Provided data:
===

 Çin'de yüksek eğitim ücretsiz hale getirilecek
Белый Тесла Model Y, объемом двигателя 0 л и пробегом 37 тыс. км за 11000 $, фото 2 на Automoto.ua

===

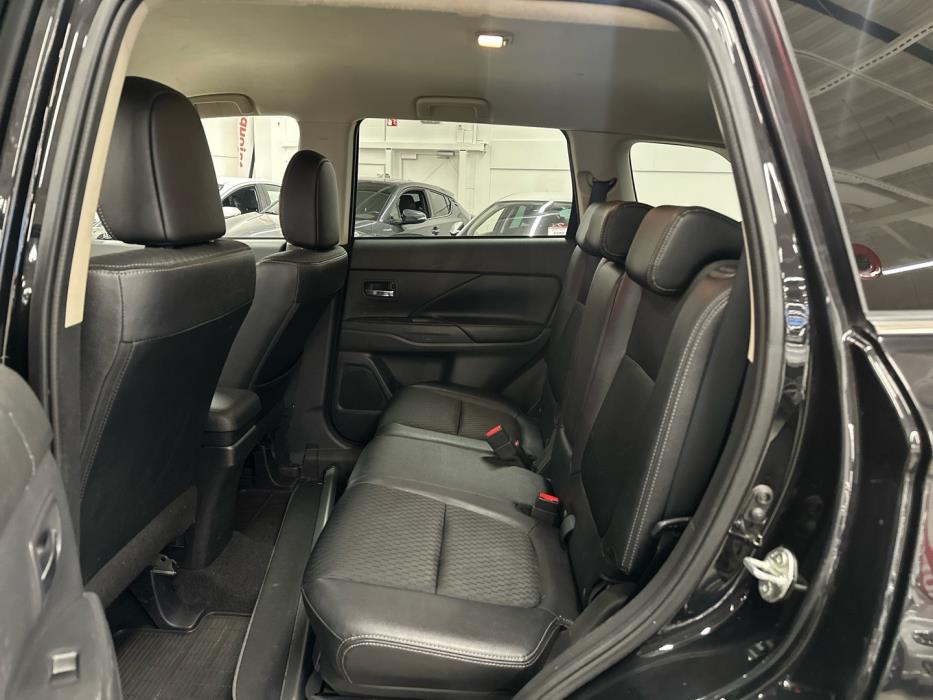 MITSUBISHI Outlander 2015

===

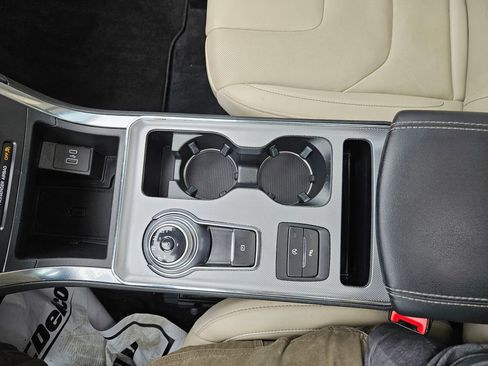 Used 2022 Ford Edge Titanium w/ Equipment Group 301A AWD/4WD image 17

===

Above are the records; print exactly the lines from the line with "Çin'de yüksek eğitim" to the line with "Белый Тесла Model", including both, and nothing else.

 Çin'de yüksek eğitim ücretsiz hale getirilecek
Белый Тесла Model Y, объемом двигателя 0 л и пробегом 37 тыс. км за 11000 $, фото 2 на Automoto.ua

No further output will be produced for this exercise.